Introduction
National health spending in the United States is projected to grow at an average rate of 5.5 percent per year from 2017 through 2026, reaching $5.7 trillion by 2026. While rising prices of medical goods and services and greater disposable personal income are partially to blame, increasing Medicaid costs are also a leading contributor.
As of July 2018, 34 states adopted a Medicaid Expansion program to bring new healthcare coverage options to low-income families. In response to this increase in Medicaid enrollment - and the correlated increase in costs that comes with it - states have continued to express interest in contracting with managed care organizations (MCOs) to help them deliver healthcare services to Medicaid beneficiaries.
Partnering with Providers on Clinical and Financial Health of Members
Arrangements between MCOs and states are increasingly risk-based, as MCOs control healthcare spending by trying to improve health plan performance, care quality, and overall outcomes.

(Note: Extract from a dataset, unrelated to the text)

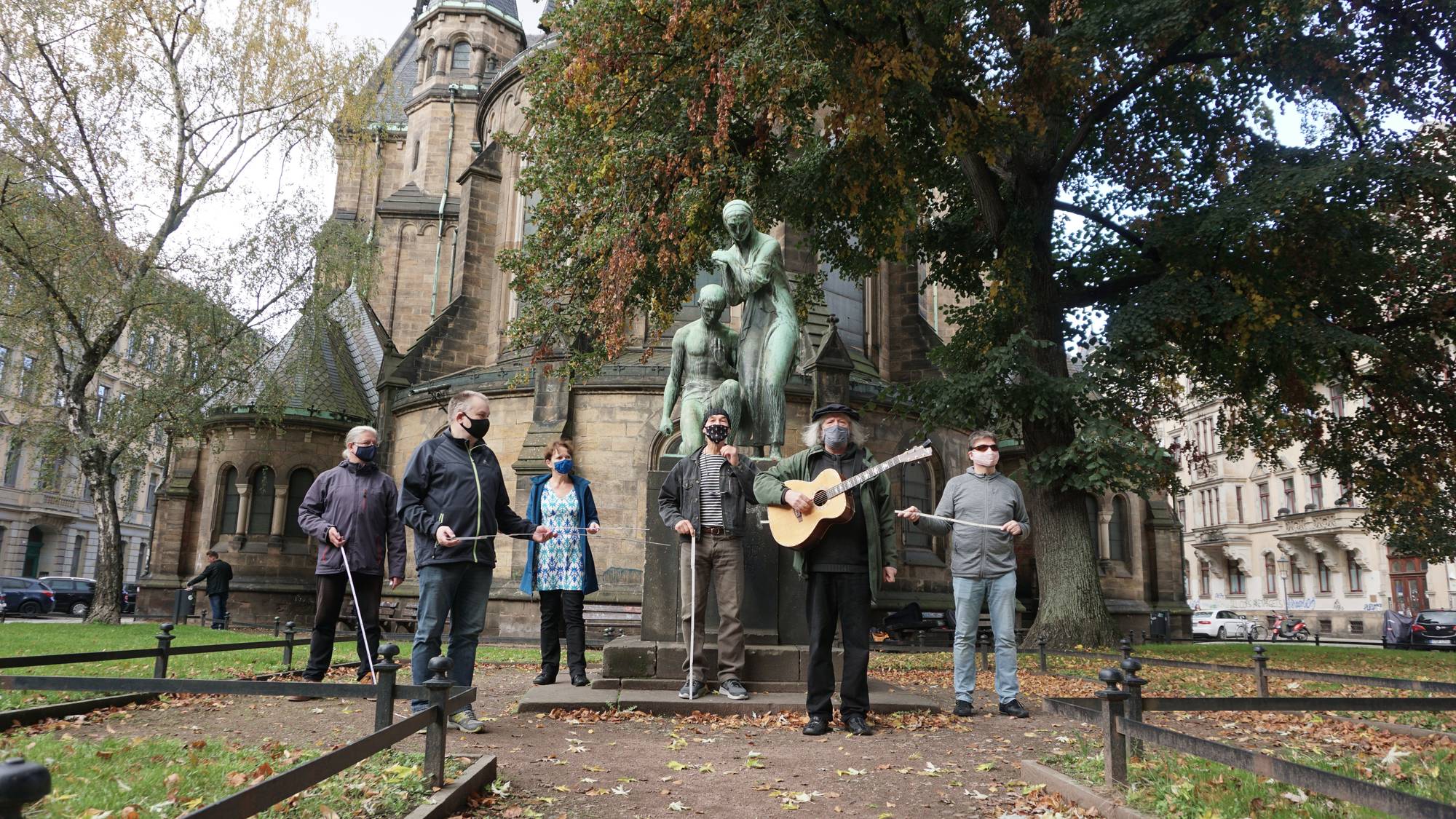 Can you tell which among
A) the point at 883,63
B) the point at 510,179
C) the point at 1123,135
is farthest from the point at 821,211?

While the specific initiatives implemented by individual states under these contracts vary, the overall goals of MCOs are universal: Reduce unnecessary use of services and costs, focus on preventive care and early intervention, and provide quality care coordination and care management.
The push toward value-based care has amplified the need to achieve these goals, with MCOs looking to better understand the patient holistically: clinical, behavioral, social, and financial factors can all inform health and care. Traditionally, MCOs have worked solely with claims information, or the billable interactions between insured patients and a healthcare delivery system, to aid their strategies. Now, MCOs must expand their view, and overall understanding, of the patient by taking advantage of the clinical information residing in the patient health record.